Results 1 to 6 of 6
  1. #1
    Join Date
    Feb 2010
    Posts
    4

    Unanswered: Help with the very first steps of a Football/Soccer database

    As I mentioned in another post here I have been struggling to understand databases for around ten years although I usually pick things up fairly easily.

    I am re-starting my attempts to build a database of games, players and statistics for my local football team as well as statistics for other teams in competitions my side has played in.

    As there are just over 5000 matches and just over 1000 teams, I want to try to set the database up from the start to make the initial data entry as simple as possible.



    In English football the matches run in 'Seasons' which generally run from August until May and take their titles from the years they span. For example this Season is 2009/2010.
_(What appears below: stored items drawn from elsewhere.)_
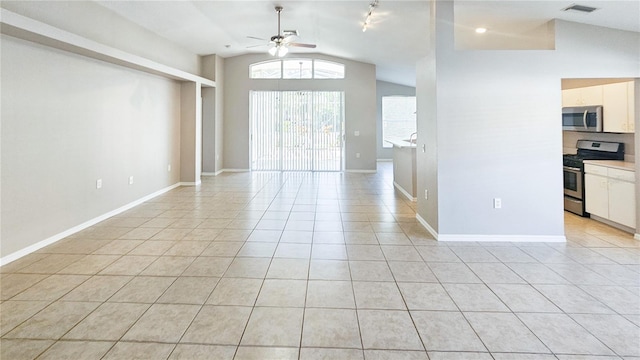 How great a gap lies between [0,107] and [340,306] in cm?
356

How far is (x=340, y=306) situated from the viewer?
2.46 metres

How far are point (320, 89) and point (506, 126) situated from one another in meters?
6.78

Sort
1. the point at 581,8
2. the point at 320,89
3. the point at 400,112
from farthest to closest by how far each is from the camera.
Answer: the point at 400,112, the point at 320,89, the point at 581,8

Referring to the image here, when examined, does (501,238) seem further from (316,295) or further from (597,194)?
(316,295)

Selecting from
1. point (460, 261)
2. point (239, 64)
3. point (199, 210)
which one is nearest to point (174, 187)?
point (199, 210)

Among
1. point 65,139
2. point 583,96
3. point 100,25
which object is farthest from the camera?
point 583,96

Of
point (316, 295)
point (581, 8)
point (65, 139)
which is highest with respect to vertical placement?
point (581, 8)

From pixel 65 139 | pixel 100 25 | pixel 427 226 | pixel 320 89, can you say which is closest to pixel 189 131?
pixel 100 25

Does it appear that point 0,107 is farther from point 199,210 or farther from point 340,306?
point 340,306

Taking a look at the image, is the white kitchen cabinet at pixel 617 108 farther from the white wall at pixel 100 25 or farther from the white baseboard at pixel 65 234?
the white baseboard at pixel 65 234

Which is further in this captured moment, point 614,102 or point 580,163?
point 580,163

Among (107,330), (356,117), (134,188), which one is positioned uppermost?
(356,117)

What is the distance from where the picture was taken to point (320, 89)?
9.97 meters

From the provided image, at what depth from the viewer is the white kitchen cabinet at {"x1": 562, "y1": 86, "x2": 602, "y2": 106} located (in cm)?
470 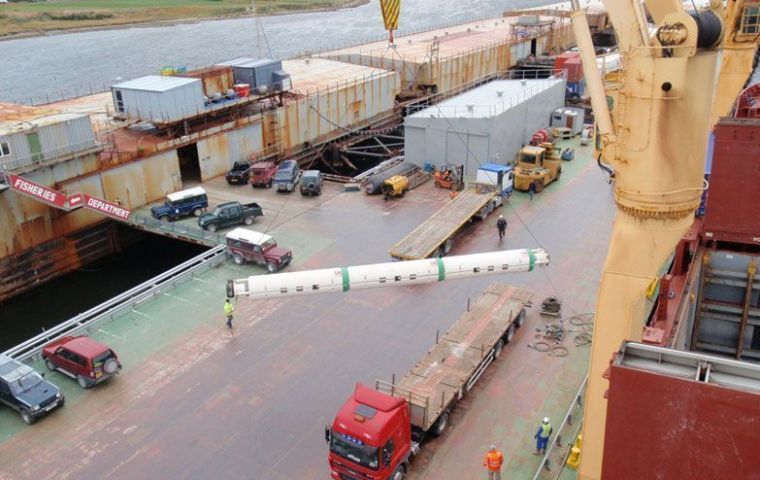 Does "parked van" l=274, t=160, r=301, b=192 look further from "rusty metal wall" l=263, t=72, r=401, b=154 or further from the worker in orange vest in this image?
the worker in orange vest

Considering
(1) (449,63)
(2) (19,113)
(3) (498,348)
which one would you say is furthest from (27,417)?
(1) (449,63)

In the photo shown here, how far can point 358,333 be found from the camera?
95.0 feet

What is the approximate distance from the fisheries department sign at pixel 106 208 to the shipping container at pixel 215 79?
14.4 metres

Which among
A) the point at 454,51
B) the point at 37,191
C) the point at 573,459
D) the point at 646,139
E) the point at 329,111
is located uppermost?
the point at 646,139

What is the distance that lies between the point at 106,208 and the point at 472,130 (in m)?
24.7

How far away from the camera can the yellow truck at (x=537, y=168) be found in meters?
45.0

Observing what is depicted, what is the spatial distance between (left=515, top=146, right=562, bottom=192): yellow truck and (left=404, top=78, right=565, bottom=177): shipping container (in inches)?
75.7

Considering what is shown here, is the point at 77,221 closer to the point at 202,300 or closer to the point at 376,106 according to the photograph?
the point at 202,300

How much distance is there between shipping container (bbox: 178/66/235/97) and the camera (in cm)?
5091

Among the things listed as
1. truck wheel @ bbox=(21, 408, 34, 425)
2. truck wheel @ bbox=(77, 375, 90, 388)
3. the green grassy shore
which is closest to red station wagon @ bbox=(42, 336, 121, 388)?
truck wheel @ bbox=(77, 375, 90, 388)

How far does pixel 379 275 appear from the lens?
25469 millimetres

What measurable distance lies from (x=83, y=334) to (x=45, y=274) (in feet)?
48.3

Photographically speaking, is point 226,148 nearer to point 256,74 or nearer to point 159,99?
point 159,99

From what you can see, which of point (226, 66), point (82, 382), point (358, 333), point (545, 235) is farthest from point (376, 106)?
point (82, 382) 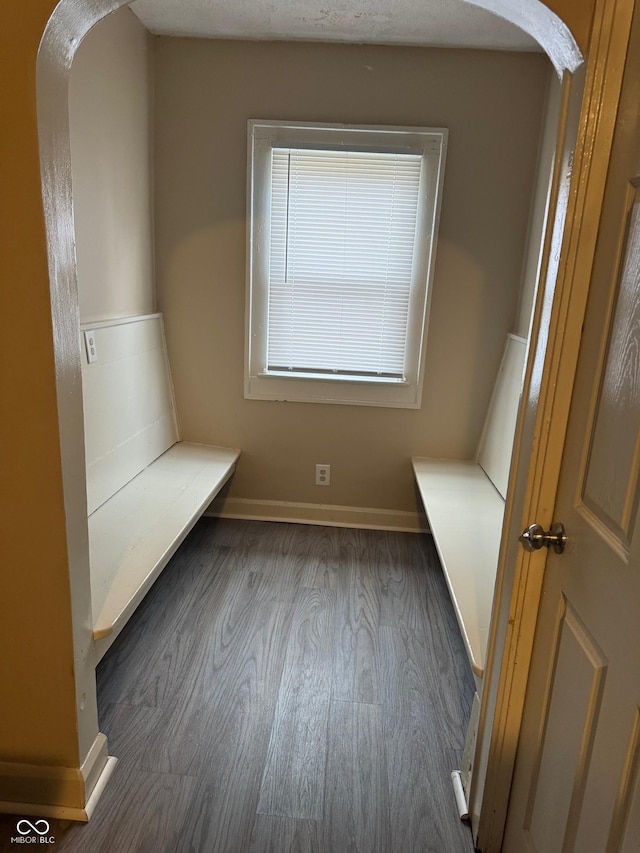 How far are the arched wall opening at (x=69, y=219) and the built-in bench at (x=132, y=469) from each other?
0.20 metres

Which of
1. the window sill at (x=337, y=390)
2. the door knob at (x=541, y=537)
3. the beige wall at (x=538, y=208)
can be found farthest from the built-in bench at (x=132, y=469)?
the beige wall at (x=538, y=208)

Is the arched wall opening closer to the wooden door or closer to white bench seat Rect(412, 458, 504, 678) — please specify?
the wooden door

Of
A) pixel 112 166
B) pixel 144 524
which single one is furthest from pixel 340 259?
pixel 144 524

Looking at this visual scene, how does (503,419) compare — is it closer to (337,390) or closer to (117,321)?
A: (337,390)

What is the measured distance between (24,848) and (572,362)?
5.74 ft

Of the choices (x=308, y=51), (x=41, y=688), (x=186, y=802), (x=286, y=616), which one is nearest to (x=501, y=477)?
(x=286, y=616)

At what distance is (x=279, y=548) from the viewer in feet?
10.1

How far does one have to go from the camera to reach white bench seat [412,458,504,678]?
5.92ft

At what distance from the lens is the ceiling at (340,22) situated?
2383mm

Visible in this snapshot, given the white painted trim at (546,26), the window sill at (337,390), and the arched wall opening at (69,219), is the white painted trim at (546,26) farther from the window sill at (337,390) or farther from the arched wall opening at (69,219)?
the window sill at (337,390)

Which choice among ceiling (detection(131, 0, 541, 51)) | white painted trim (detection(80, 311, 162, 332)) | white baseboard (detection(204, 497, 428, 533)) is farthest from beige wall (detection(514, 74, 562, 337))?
white painted trim (detection(80, 311, 162, 332))

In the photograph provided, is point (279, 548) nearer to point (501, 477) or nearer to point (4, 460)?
point (501, 477)

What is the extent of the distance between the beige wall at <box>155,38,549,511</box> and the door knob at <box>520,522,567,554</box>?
1.98 meters

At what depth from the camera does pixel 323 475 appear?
3.33m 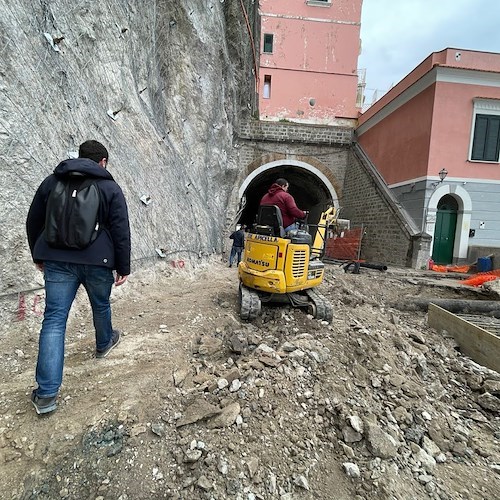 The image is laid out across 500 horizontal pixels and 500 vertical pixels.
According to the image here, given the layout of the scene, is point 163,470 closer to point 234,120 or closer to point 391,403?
point 391,403

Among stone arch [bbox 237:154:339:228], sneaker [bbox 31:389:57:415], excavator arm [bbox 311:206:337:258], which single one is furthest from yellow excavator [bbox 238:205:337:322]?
stone arch [bbox 237:154:339:228]

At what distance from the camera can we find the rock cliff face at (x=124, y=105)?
319 cm

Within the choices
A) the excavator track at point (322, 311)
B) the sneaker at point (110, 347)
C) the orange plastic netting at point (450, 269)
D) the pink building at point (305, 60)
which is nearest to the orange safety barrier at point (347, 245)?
the orange plastic netting at point (450, 269)

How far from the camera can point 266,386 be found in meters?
2.31

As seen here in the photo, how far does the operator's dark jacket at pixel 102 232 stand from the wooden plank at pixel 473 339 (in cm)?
387

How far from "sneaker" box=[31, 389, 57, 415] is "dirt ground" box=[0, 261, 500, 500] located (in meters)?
0.06

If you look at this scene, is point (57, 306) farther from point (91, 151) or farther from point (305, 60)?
point (305, 60)

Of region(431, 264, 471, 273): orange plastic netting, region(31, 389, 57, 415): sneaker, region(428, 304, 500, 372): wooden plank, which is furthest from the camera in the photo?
region(431, 264, 471, 273): orange plastic netting

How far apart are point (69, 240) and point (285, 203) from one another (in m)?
2.85

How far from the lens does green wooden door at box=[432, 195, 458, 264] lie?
35.5 ft

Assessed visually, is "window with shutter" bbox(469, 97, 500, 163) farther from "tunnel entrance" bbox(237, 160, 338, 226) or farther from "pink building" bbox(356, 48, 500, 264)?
"tunnel entrance" bbox(237, 160, 338, 226)

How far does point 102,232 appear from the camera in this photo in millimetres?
2135

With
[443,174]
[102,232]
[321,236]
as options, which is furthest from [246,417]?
[443,174]

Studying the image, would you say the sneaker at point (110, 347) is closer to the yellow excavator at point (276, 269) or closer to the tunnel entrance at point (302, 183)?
the yellow excavator at point (276, 269)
    The team has played in many different competitions over the years but not all in every season so what I am looking for is a way that when I put a date in the 'Games' table it would restrict the available competitions to those that would have been played in the corresponding season.

    I thought that the way around this would be by using a 'bridging' table called 'CompetitionsBySeason'.

    I have attached a graphic of the wrong way I have always tried to link competitions to seasons, simply linking the named fields together. I know that they should actually be linked by the ID's as foreign keys and that the ID field in 'CompetitionBySeason' is probably superfluous but I have a couple of questions on how to do it this way.

    The reason I have always tried to link the named fields is just that, they have the actual name in it, whereas the ID is just a number. If I know that my team played in the F A Cup in the 2007/2008 season I know what I am looking for in the dropdowns/lookups. However, with using the ID numbers I will have to take a look at other tables to see what the F A Cups ID is and also the 2007/2008 season ID.

    I fully assume that I am missing something simple here as you cannot, surely, have to remember all ID numbers when entering data?

    Also I get confused with joins so would not know if, on this occasion, it needed to be an Inner Join or left or right.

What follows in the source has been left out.